_WORK REQUEST_: The answer must be every line of the data that holds the word "White".

# # # # #

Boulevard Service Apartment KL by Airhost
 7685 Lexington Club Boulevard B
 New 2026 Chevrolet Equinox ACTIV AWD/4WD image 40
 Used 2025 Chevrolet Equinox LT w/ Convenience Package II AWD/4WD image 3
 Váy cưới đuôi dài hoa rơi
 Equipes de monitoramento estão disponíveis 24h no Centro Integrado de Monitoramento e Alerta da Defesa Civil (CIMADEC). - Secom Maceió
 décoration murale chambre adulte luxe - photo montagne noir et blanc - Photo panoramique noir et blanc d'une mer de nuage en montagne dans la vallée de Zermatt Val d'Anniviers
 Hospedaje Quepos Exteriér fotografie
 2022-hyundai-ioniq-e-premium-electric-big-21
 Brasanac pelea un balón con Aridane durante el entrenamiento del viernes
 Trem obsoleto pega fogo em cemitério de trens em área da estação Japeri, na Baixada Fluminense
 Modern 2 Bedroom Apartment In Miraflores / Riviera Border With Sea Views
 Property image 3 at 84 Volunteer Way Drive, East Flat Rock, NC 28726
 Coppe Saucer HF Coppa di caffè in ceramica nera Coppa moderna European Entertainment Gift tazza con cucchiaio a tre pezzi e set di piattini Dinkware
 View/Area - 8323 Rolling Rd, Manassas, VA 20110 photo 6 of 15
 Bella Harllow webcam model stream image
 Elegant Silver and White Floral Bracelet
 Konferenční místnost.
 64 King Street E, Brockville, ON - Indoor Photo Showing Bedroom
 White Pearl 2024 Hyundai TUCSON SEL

# # # # #

_OUTPUT_:
 Elegant Silver and White Floral Bracelet
 White Pearl 2024 Hyundai TUCSON SEL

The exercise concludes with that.